Problem
Tropipay needed to ship a production-grade multi-currency wallet for a new subsidiary under a hard deadline: thirty days from kickoff to first live transaction. The product had to support USD, EUR, and crypto operations, with a regulated KYC onboarding flow and the operational reliability that financial events demand. Two engineers were available, including me, plus a project manager.
The challenge wasn’t picking a stack. It was deciding what to NOT build inside the deadline — and what shape the system needed so that the things we did ship wouldn’t be torn down later.
Approach
We chose a Turborepo monorepo with a Nest.js backend and a Next.js frontend, sharing TypeScript types between the two. The decision that mattered most wasn’t the framework — it was deciding to move the real-time notification surface to Next.js Server Actions with optimistic UI, instead of standing up a full WebSocket infrastructure under the deadline.
That choice was non-obvious: most teams default to Socket.io for “real-time” out of habit. For our scope — financial events that the user is already watching for — Server Actions with optimistic updates and revalidation gave us a working surface in a week and zero operational burden afterward. WebSockets would have cost us two days of setup and a year of maintenance.

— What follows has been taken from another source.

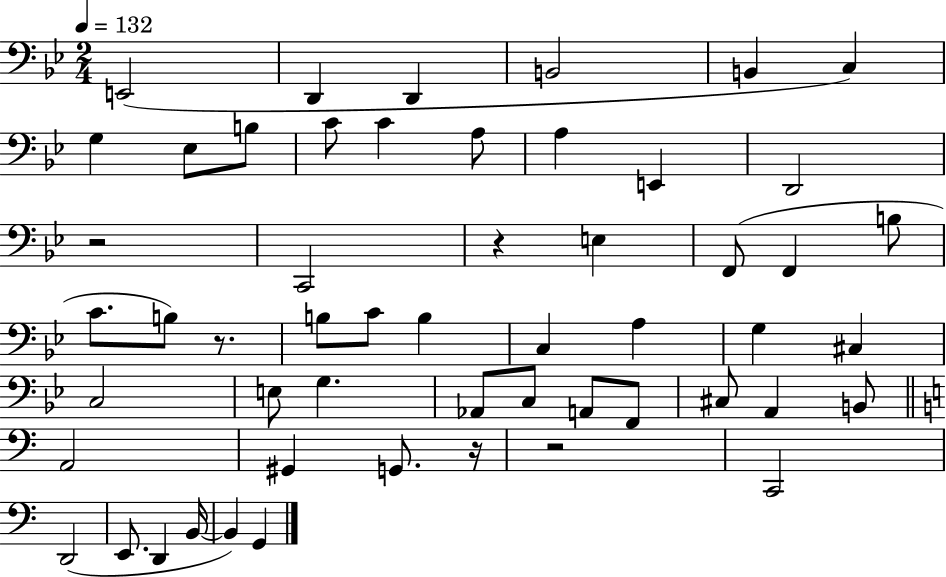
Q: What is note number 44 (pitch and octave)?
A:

The KYC onboarding was a multi-step form with conditional branches per identity-document type. We built it as a state machine in the frontend (XState) backed by a single resumable session entity in PostgreSQL, so a user dropping off at step 4 could resume at step 4, not start over.
Outcome
Shipped on day 28, two days ahead of deadline. The notification surface has run in production for months with zero pages. The KYC drop-off rate landed below the team’s pre-launch estimate, and the onboarding state machine has absorbed three feature additions without breaking change.
The architectural decision around Server Actions has held up: we never needed to revisit it. That’s the test of a good architectural call — not whether it’s clever, but whether it stays out of the way after launch.